• Data for the task
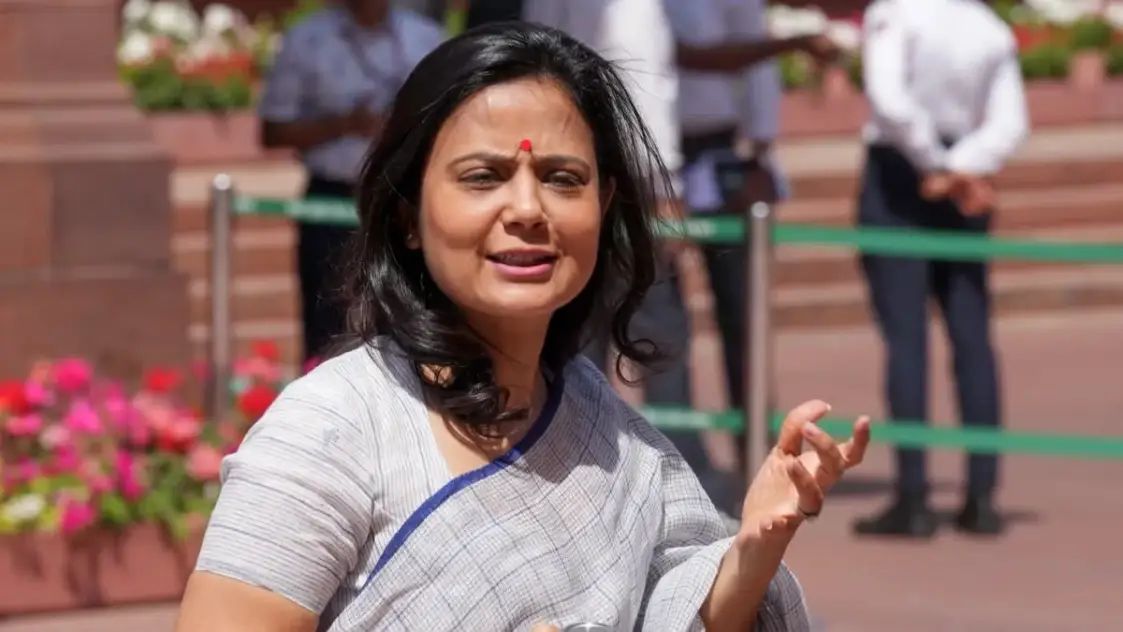ଅମିତ ଶାହଙ୍କ ମୁଣ୍ଡ କାଟି ଟେବୁଲ ଉପରେ ରଖାଯିବା ଉଚିତ… ମହୁଆ ମୋଇତ୍ରା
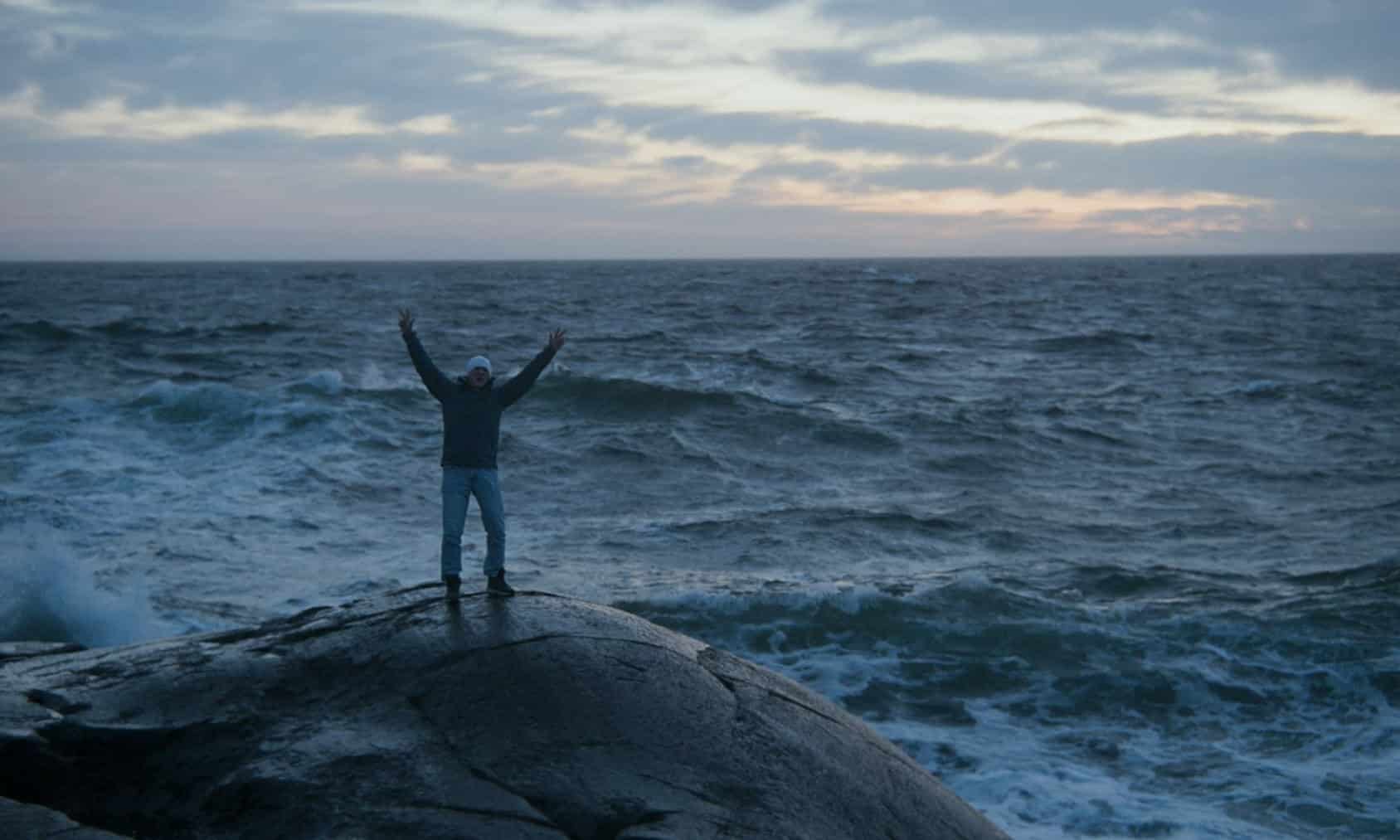 «Заблудший наёмник»: странник перед морем жизни. Мартин Йосс, Константин Шишкин. Швейцария, 2025 г. (© C-Films AG / SRF Schweizer Radio und Fernsehen)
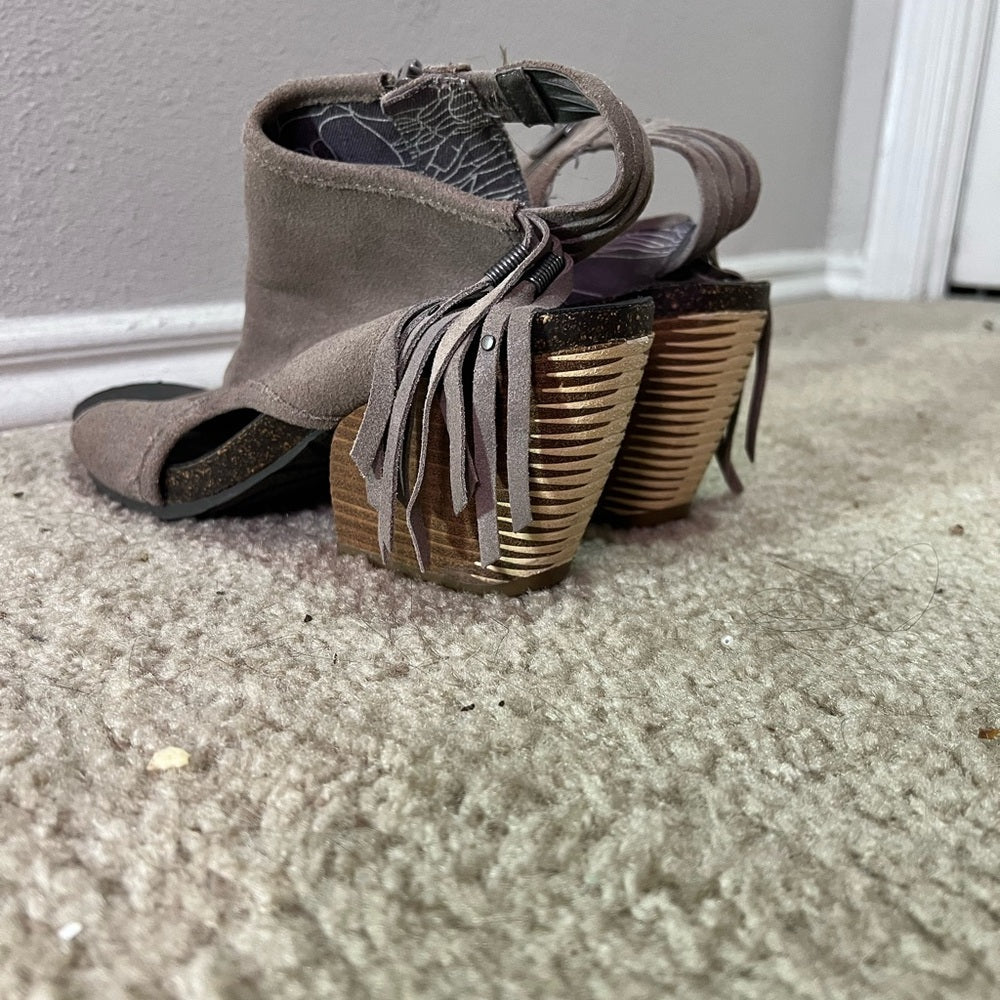 Free Spirit Fringed Tan Suede Chunky Heeled Sandals size 9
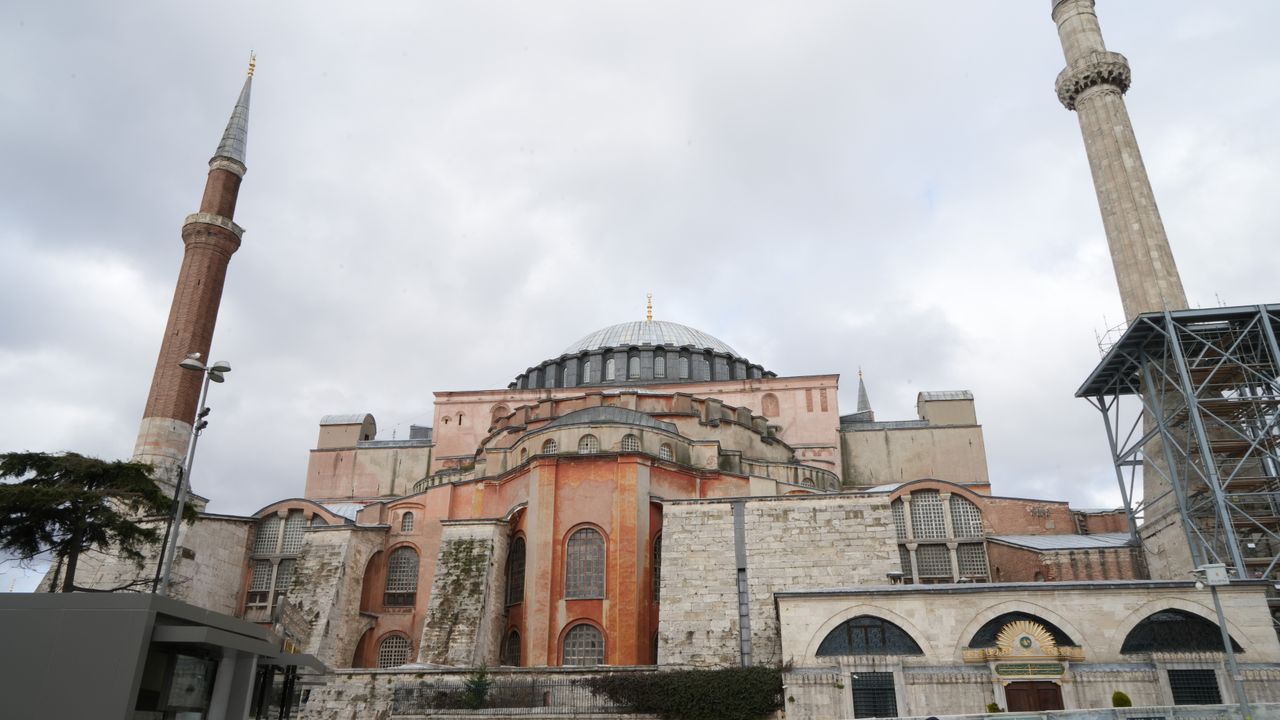 Ayasofya Camii'ndeki Osmanlı eserleri de yakında artırılmış gerçeklik destekli QR kodla anlatılacak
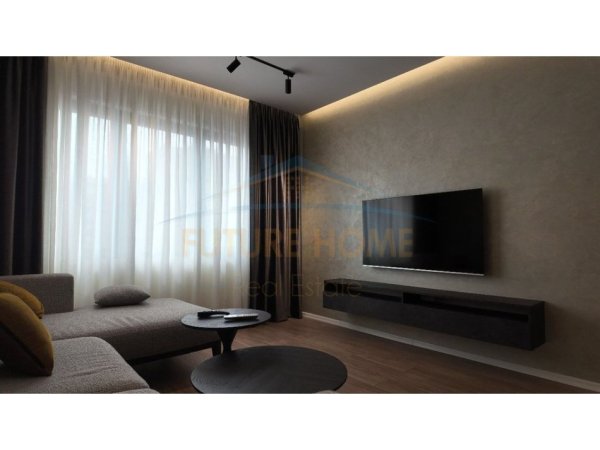 Tirane, jepet me qera apartament 2+1 Kati 9, 105 m² 1.250 € (Pazari i ri)
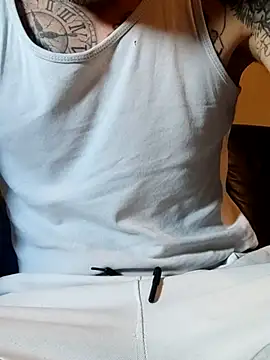 PIercingBoy38 online show from October 2025 11:29:02 AM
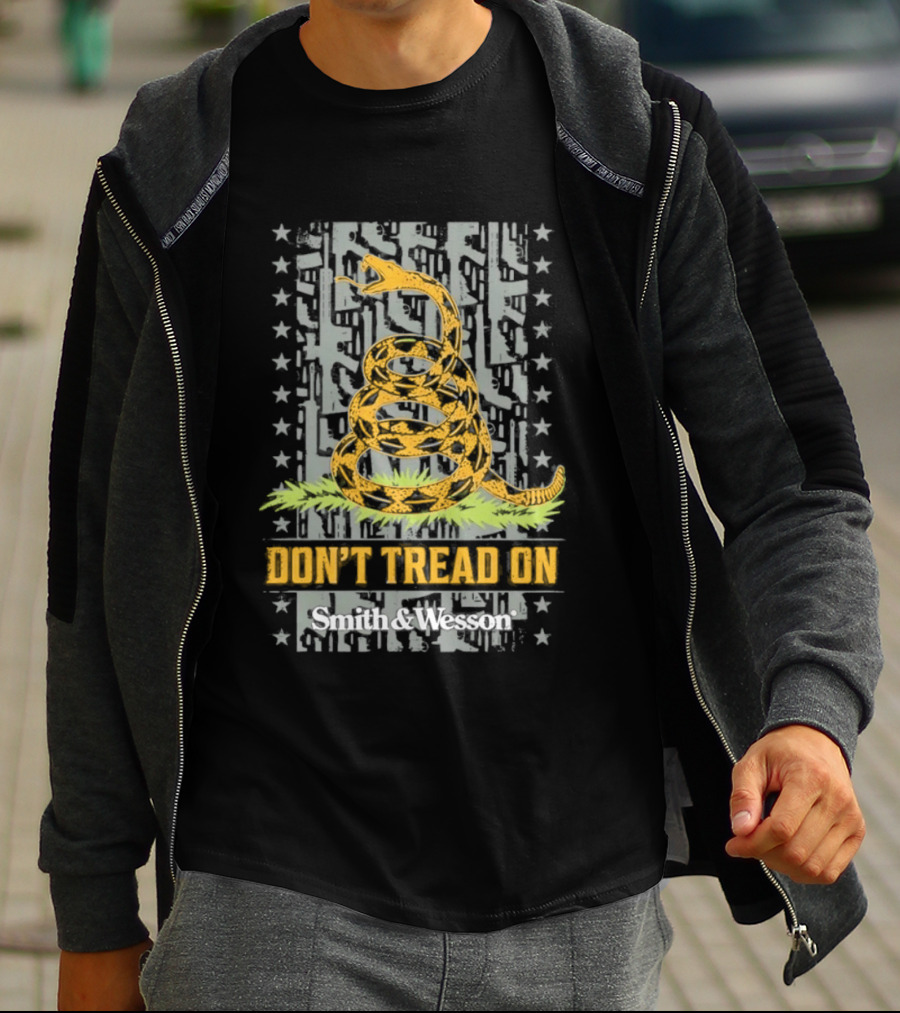 Don't Tread On Me Smith And Wesson Gadsden Flag Coiled Snake T-Shirt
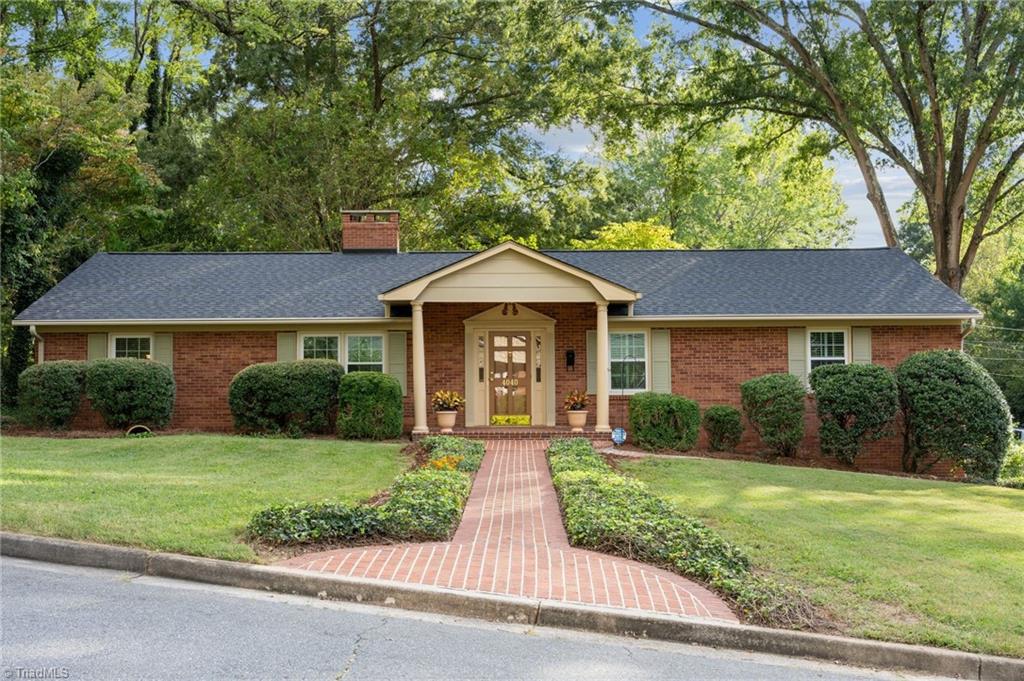 4040 Winburn Lane — photo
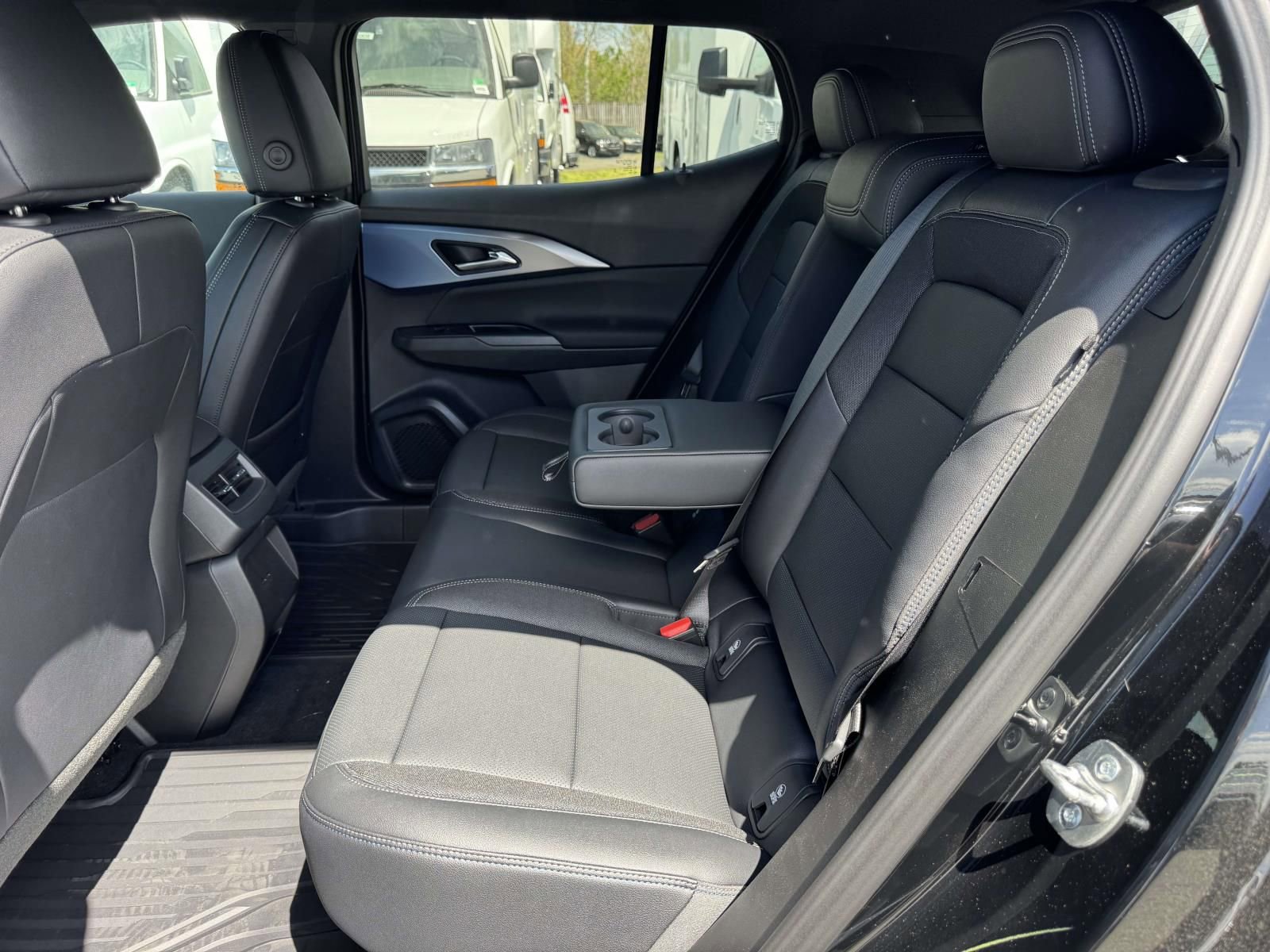 New 2026 Chevrolet Equinox EV LT w/ LPO, Tech Bronze Package FWD image 22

• Your assignment
All lines from the start of the entries through the one with "Ayasofya Camii'ndeki Osmanlı" are to be output exactly; omit the pictures.

• Result for this exercise
ଅମିତ ଶାହଙ୍କ ମୁଣ୍ଡ କାଟି ଟେବୁଲ ଉପରେ ରଖାଯିବା ଉଚିତ… ମହୁଆ ମୋଇତ୍ରା
 «Заблудший наёмник»: странник перед морем жизни. Мартин Йосс, Константин Шишкин. Швейцария, 2025 г. (© C-Films AG / SRF Schweizer Radio und Fernsehen)
 Free Spirit Fringed Tan Suede Chunky Heeled Sandals size 9
 Ayasofya Camii'ndeki Osmanlı eserleri de yakında artırılmış gerçeklik destekli QR kodla anlatılacak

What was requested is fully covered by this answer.